(July 3, 1886-Dec. 13, 1969). Born in Baltimore, Maryland, and raised in Indianapolis, Baltimore, and New Jersey, Raymond Ames Spruance is best remembered for his victorious tactics as the commanding admiral against the Japanese Navy in the Battle of Midway, June 4-6, 1942, during World War II.

Spruance was the first child of Annie Ames Hiss, a member of an aristocratic Baltimore family, and Alexander Spruance, an Indianapolis businessman. Annie became an editor for Bobbs-Merrill and Company in Indianapolis and sent her son back east to live with her parents and sisters. Upon the bankruptcy of his grandfather years later, Raymond returned to Indianapolis where he graduated from Shortridge High School in 1902 at age 15.

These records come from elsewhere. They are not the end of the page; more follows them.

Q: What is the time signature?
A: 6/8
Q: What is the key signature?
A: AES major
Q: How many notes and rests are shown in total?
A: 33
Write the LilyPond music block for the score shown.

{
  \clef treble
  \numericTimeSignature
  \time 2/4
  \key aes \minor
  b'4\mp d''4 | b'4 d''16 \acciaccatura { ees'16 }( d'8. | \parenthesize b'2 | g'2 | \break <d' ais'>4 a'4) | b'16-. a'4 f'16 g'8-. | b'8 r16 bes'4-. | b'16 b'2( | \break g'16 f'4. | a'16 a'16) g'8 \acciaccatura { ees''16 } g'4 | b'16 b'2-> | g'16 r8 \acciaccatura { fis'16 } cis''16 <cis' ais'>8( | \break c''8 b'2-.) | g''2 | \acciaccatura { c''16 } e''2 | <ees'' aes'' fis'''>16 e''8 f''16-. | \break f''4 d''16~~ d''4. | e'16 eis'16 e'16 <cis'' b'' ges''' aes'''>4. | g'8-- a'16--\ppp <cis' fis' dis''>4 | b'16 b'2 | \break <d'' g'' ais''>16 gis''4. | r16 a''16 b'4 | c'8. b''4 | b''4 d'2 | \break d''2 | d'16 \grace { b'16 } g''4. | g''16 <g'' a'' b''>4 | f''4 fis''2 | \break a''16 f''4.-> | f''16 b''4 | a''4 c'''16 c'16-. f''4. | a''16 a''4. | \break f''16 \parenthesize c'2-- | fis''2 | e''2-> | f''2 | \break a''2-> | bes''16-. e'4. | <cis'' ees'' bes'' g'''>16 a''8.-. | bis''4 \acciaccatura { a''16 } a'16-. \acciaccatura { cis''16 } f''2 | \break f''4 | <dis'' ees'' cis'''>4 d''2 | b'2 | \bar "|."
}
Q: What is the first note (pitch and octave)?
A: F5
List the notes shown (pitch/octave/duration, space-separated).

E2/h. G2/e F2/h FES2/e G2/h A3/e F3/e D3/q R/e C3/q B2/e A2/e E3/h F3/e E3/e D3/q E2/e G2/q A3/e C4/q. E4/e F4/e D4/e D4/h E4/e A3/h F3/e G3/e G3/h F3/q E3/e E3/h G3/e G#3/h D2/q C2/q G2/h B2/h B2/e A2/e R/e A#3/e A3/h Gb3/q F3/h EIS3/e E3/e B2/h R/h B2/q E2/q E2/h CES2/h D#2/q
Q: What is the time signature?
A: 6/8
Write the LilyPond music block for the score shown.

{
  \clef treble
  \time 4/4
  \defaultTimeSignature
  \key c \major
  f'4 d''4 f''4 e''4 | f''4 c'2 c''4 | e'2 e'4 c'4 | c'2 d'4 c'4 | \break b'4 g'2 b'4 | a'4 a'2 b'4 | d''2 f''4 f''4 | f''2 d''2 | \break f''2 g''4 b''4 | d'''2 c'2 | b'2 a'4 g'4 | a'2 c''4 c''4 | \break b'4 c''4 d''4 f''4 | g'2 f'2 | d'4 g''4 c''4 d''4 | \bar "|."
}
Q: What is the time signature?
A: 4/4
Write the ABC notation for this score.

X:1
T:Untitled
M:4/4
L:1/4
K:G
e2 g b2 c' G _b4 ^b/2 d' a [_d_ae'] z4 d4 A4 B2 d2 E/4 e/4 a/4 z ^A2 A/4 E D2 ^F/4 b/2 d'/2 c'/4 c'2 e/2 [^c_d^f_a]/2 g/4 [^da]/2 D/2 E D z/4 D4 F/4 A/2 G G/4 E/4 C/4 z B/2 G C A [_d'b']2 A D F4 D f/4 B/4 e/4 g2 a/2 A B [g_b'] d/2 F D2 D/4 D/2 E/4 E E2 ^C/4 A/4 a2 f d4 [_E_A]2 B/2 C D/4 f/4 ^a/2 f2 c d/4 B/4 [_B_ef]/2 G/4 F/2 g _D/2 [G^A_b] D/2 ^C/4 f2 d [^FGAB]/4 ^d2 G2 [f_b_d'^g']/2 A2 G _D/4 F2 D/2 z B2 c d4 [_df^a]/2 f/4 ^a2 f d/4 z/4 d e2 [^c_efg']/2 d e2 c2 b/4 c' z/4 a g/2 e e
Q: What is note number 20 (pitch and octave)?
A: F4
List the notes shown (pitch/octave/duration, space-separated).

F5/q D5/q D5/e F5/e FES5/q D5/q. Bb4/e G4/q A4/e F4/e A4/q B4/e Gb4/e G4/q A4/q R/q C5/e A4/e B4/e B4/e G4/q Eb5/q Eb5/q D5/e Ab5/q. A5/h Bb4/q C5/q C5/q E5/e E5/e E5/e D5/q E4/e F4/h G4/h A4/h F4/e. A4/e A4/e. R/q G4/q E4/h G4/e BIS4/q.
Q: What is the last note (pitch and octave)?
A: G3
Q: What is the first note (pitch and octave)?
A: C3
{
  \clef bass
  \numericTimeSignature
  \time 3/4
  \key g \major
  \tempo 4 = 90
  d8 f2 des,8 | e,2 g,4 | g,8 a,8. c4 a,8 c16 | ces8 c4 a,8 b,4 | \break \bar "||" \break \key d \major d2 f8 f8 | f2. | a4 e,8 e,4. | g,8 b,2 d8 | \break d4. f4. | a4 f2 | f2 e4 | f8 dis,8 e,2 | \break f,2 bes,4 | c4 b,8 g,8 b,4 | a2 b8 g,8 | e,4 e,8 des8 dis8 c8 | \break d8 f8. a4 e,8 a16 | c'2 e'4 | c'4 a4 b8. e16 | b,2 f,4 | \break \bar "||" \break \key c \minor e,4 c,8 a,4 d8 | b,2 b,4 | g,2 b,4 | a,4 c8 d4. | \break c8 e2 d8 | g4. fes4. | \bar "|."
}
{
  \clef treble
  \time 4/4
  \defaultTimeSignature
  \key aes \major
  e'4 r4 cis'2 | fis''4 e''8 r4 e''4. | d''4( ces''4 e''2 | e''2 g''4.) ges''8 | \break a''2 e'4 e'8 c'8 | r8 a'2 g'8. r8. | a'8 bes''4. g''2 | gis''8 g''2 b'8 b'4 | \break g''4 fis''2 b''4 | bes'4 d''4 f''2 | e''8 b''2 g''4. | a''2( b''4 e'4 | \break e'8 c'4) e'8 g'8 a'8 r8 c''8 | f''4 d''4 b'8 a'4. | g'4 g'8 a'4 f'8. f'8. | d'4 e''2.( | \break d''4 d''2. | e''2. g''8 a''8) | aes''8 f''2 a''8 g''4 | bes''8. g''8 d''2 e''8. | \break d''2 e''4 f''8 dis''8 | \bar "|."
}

Having no money for college, his mother sought and obtained a Naval Academy appointment for him from Indiana. Meanwhile, he had earned an appointment to the academy from New Jersey, but, upon the urging of his aunts, Raymond accepted the Indiana appointment. Spruance graduated from the Naval Academy in 1906, 26th in his class, and embarked on a naval career. He returned to Indianapolis in 1914 to marry.

Standing in for the hospitalized Adm. William Halsey in 1942, Spruance, then a rear admiral, was placed in command of Naval Task Force 16. Outnumbered nearly three to one by Japanese ships and personnel, Spruance conserved his resources and successfully surprise attacked the Japanese fleet, which was headed for Midway Island whose airfield was crucial to American military operations in the Pacific.

Soon after Midway, Spruance was named chief of staff to Adm. C. W. Nimitz, Pacific fleet commander, and, in 1943, he became commander of the Navy’s massive Fifth Fleet in the Pacific. He was promoted to the rank of admiral in 1944. Other battles in which he commanded victorious naval forces include the Gilbert Islands, Marshall Islands, Mariana Islands, Iwo Jima, and Okinawa. After the war, he became president of the Naval War College, a post he held until his retirement in 1948. His last role in national service was that of ambassador to the Philippines, 1952-1955.

Spruance was posthumously honored by the U.S. Navy when a class of 30 destroyers, named the Spruance Class, was launched in 1973. The first ship in the class was christened USS Spruance.